Marketing Automation Vendor Market Share

Marketing Automation Vendor Market ShareIs it possible to accurately measure marketing automation vendor market share using 100% publicly available information? Before I answer, let me provide a quick overview of tracking code.

All marketing automation vendors provide some form of tracking code. This code is added to a website, much the way Google Analytics tracking code is added to a website.

Tracking code is used to provide a variety of insights. A key insight is that marketers and salespeople can view detailed website activity for each converted visitor. A salesperson, for example, can base a conversation on what content a Lead viewed.

Tracking code is normally added to the HTML of every website page. Salesforce Pardot offers the following example of its tracking code. A unique customer ID, which is always a part of tracking code, is not included in the example:

Wappalyzer is a browser extension that uncovers the technologies used on websites.

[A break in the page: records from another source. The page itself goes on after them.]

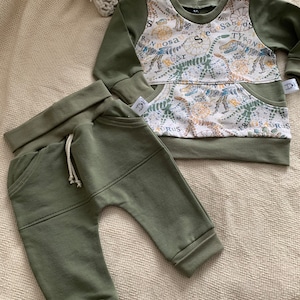 6-9 month set, olive green French knit sweater, dinosaur patterns, adjustable jogging pants with pockets. Made in Quebec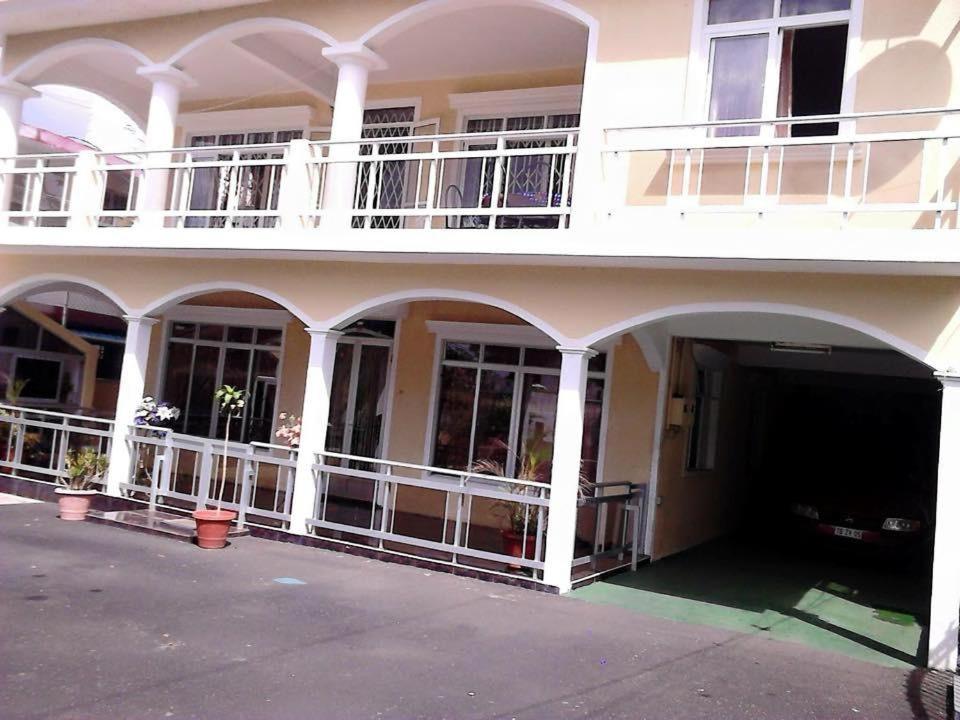 a large white building with balconies and a courtyard at Shivram guest house in Plaine Magnien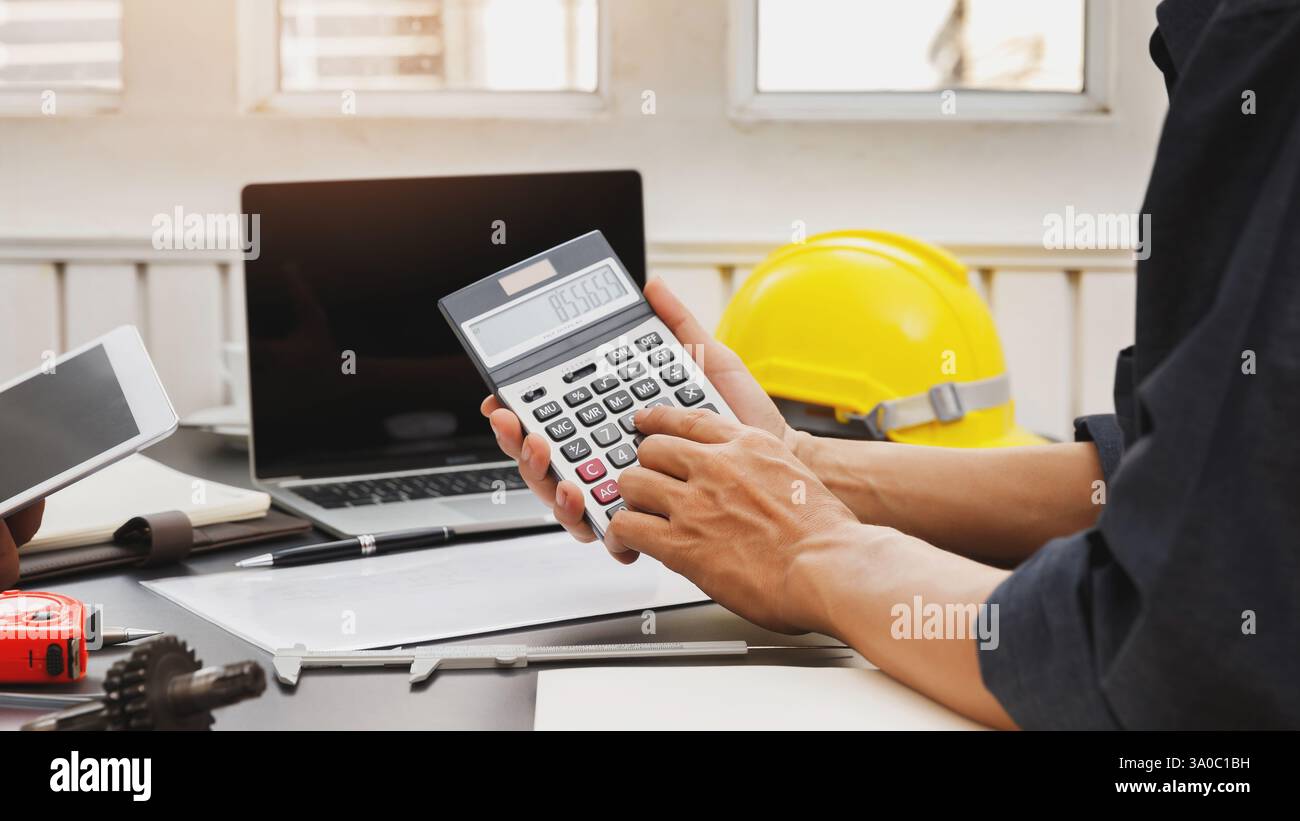 The engineering team is working on their project together. Stock Photo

It detects content management systems, eCommerce platforms, web servers, JavaScript frameworks, analytics tools and yes, marketing automation systems.

To detect whether a marketing automation system is associated with a website, Wappalyzer looks for signs of tracking code and/or occurrences of a vendor’s domain name within a website pages’ HTML.

Marketing Automation Vendor Market Share Chart

If you consider the number of websites that contain marketing automation vendor tracking code to be a fairly accurate reflection of marketing automation vendor market share, then it’s difficult to argue with the relative percentages of HubSpot, Pardot and Marketo in the following chart.

The data behind this chart was taken from this page on June 1, 2016. Much as I like Yoast SEO, which you’ll see referenced, this WordPress plugin is erroneously categorized as a marketing automation system. It is therefore excluded from the chart.

Hover your cursor over the slices to see the number of websites on which each vendor’s tracking code was detected.

Why did I use the words “relative percentages” above? There are several reasons why an entire brand might be excluded from the Wappalyzer results:

  • The application isn’t popular enough (it needs to be on “thousands of sites”)
  • The vendor’s tracking code doesn’t have a brand-identifiable element
  • The tracking code or element isn’t on every page
  • The current detection file doesn’t include the brand

One popular marketing automation vendor, Act-On, is not referenced in the detection file. This is either an omission, Act-On is not considered popular enough, or Act-On does not reference its brand in its tracking code.

It’s also possible that Eloqua, which went through post-acquisition rebrandings, is not getting fully picked up. Sometimes rebranding is reflected in things like tracking code.

The good news is that Wappalyzer is open to suggestion about any technologies or vendors that should be added to the existing categories or any updates that should be made.

Wappalyzer vs. Other Data Sources

For the marketing automation vendors that are identified by Wappalyzer’s current detection file, this approach could well produce much more accurate results than polls or surveys.

Another interesting metric is that the top three identified vendors collectively have about 40,000 customers. This means that there’s still a significant market opportunity in the marketing automation space.